The MD simulation in my example file is set to run a short equilibration and 10 ns of production simulation. The simulation system contains 43K atoms and the task took about two hours, so about 120 ns/day of throughput on p3 instance. At the time the task ran, the p3 spot instance cost about USD $0.918 per hr, so the 10 ns MD simulation cost us about USD $1.8 from the GPU instance. You will have additional cost from running master node (t2.micro cost $0.0116 per hr ~ $0.27/day), using the EBS disk storage ($0.015 per GB per month ~ $0.25/day for 500GB), and network data transfer. Clearly, the compute cost is the bulk of the cost. Running the same task using the on-demand p3.2xlarge instance would have cost about USD $6, which is about 3x saving by using the spot instance.

When you are finished using the cluster, you could put it to sleep using this command.

pcluster stop cloudmd

This stops running master node and EBS volume, however, does not remove them, hence some small cost would still incur in this state.
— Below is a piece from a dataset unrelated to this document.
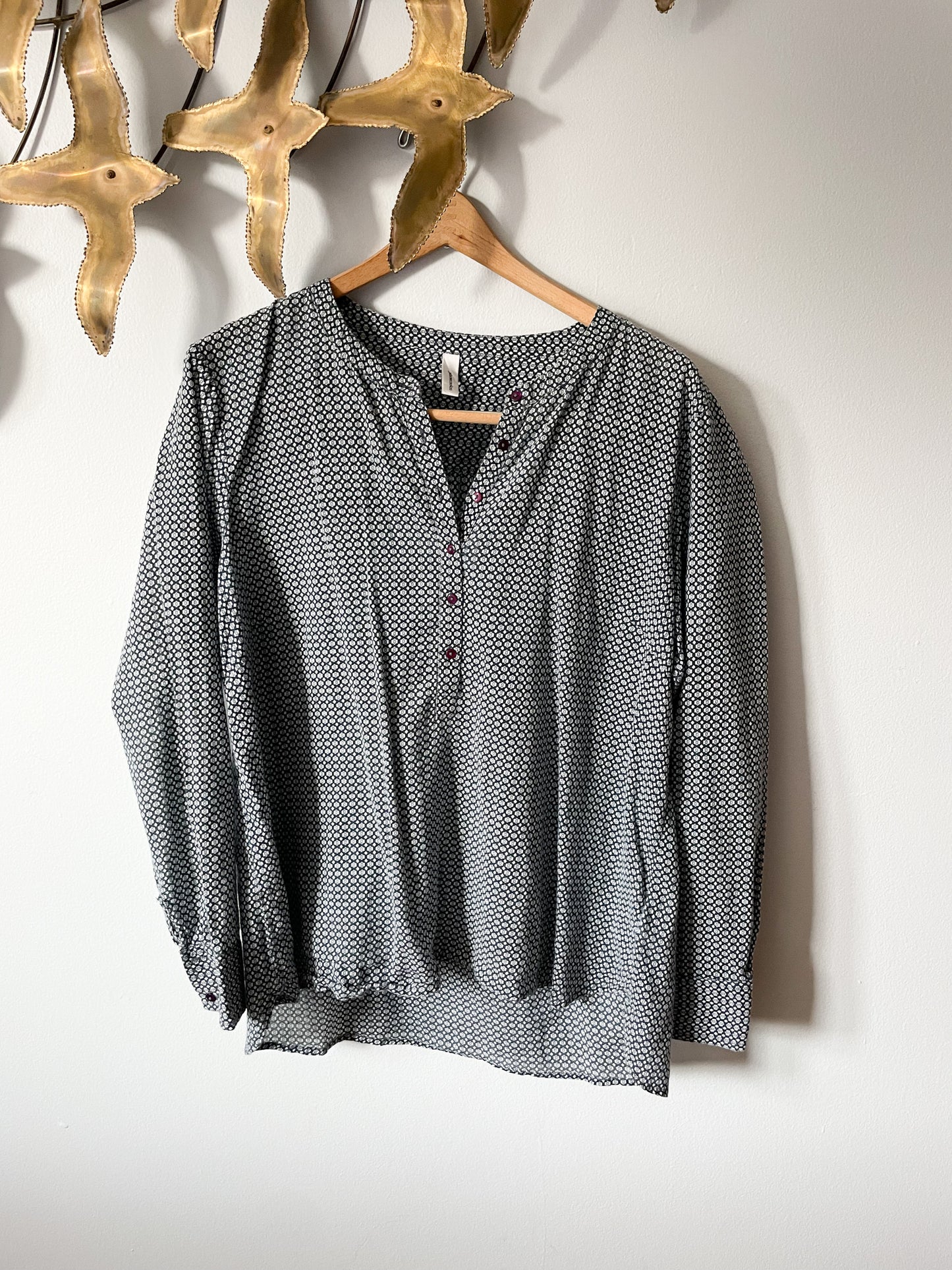 Soya Concept Grey Printed 100% Cotton Long Sleeve Top - XL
You can delete the cluster completely using the command:

pcluster delete cloudmd

Note that this will also remove EBS volume as well, therefore you want to create a backup of the volume before doing this. If you create a snapshot of the volume, you can use the snapshot to build the EBS volume in the future.

Conclusion

AWS parallel-cluster provide a very easy way to create your own cluster in just a minutes. The cluster can be configured in various ways to fit your needs whether you are interested in machine learning or MD simulation, or some other task (render farm?). The compute nodes are only brought up when there’s a task waiting in the scheduler queue, so the total cost is minimum. No more turning up and down the EC2 instance by yourself.

You can further save the cost by using the spot instance with the risk of your node shutdown middle of the task. Slurm scheduler let the job back in the queue if that happens, so you want to write the Slurm job script to take care of the restart.

parallel-cluster really did a good job at making people to tap into cloud infrastructure easily and cheaply. I started using this tool when it was cfncluster and it came a long way. I really appreciate the team for continuing development in this package. ❤️